As livestock are a carbon-neutral source of methane, you can fix the problem by attaching little burners to the backsides of the animals.
If you include a turbine and a wire with the burner, you can generate electricity.
You can even call it wind power...
OK, to get serious, the manner in which cattle are raised can dramatically reduce their emissions. Grass-fed cattle fart less than corn-fed cattle.
Factory frams utilize corn-based feed because the density and intensity of their operations makes it impossible to provide sufficient grass to form the basis of their diet. These operations are also much worse polluters in other area, for the same reason. For example, the volume of manure produced by the number of cattle that can be supported by 10 acres of grassland can be easily composted into 10 acres of soil, while a high-density feed lot will produce much more manure than the land area it occupies can possibly incorporate through natural processes. So the manure ends up polluting nearby water bodies.
I think we just need to make sure that all passenger bovines starting with the 2009 model year be fitted with catalytic converters.

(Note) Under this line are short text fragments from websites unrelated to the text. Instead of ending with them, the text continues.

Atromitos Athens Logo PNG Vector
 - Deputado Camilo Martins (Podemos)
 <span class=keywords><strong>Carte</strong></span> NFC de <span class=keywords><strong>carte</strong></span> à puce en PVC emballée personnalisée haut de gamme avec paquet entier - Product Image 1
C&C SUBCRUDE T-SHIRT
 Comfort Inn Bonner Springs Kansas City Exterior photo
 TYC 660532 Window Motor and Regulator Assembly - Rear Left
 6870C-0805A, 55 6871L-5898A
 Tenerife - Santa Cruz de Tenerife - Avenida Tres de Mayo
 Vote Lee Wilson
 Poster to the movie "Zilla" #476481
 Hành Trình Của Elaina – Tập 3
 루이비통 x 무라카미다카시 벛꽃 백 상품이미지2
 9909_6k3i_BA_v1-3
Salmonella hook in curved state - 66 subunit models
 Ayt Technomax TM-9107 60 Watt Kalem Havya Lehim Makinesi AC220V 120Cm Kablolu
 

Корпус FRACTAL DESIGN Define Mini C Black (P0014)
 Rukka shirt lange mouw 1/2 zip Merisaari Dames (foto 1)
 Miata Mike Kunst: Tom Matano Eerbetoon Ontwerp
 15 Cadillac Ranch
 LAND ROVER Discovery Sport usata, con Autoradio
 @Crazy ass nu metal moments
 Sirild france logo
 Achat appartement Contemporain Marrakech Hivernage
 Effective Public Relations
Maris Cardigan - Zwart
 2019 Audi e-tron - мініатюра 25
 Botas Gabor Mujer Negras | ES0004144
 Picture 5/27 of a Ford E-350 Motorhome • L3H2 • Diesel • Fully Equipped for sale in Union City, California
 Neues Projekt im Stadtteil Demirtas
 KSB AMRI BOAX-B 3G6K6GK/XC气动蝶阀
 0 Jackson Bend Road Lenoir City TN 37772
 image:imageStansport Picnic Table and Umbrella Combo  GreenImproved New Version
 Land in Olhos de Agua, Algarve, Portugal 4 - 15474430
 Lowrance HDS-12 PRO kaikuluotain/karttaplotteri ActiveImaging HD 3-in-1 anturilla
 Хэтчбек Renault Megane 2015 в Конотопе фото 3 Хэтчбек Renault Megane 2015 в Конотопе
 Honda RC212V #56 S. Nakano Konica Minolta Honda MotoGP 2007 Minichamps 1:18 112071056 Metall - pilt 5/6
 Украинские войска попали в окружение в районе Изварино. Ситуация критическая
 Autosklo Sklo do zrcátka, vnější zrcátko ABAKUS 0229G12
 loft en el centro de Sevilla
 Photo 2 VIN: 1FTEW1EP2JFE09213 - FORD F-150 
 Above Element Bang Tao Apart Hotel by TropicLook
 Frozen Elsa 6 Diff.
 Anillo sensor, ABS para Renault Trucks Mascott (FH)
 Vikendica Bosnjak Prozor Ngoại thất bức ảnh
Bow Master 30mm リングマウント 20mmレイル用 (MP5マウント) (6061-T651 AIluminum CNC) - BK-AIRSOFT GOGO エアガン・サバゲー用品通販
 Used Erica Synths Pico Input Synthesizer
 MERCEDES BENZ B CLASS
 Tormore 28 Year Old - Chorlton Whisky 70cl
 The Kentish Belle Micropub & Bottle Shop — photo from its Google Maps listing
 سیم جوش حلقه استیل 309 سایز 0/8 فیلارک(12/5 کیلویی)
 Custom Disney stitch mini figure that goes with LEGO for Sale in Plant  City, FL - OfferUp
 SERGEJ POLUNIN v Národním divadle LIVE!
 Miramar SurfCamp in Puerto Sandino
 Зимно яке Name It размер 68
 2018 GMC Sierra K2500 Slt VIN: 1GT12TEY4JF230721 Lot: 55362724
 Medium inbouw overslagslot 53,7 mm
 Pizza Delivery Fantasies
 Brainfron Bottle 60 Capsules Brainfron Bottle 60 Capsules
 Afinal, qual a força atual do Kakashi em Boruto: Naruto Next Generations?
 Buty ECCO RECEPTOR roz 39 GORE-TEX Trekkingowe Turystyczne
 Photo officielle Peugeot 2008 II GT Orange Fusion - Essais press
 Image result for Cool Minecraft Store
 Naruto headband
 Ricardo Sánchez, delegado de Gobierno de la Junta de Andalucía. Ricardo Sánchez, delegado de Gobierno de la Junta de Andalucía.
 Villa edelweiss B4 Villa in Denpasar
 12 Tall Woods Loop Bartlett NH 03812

In the 'lies, damned lies, and statistics' department, am I correct in reading that the '21 times' figure means that a kilo of methane is 21 times 'worse' than a kilo of CO2, not that current levels of methane emission cause 21 times more damage than current levels of CO2 emission, right?
'unlikely to
"...result in a 'fart-tax' with civil servants chasing cows round with breathalyzer style methane measurers" '
The new Ministry will be under (but not too closely under) Flattus Breakwind, Lord Foulbottom.
This is indeed part of it. The other is that corn fed beef is more tender and fatty than grass fed beef of the same age, both of which are traits that studies show consumers prefer over the more pronounced taste and toughness of grass fed beef.
This is true, but I think it is due to poor biomass management on the part of the feedlot owner and local farmers combined(most US feedlots are located in the midwest, convienently enough the same place that the corn and soy that is fed to the cows is grown). Farmers have waste crop residues (corn husks, stalk, etc) that could be used to compost the manure which could then be used by the farmer to support his tillage and prevent soil exhaustion. It may not be nitrogen rich enough to preclude additional fertilizer, but it would be advantageous to both the feedlot and farmer to participate in the endevour.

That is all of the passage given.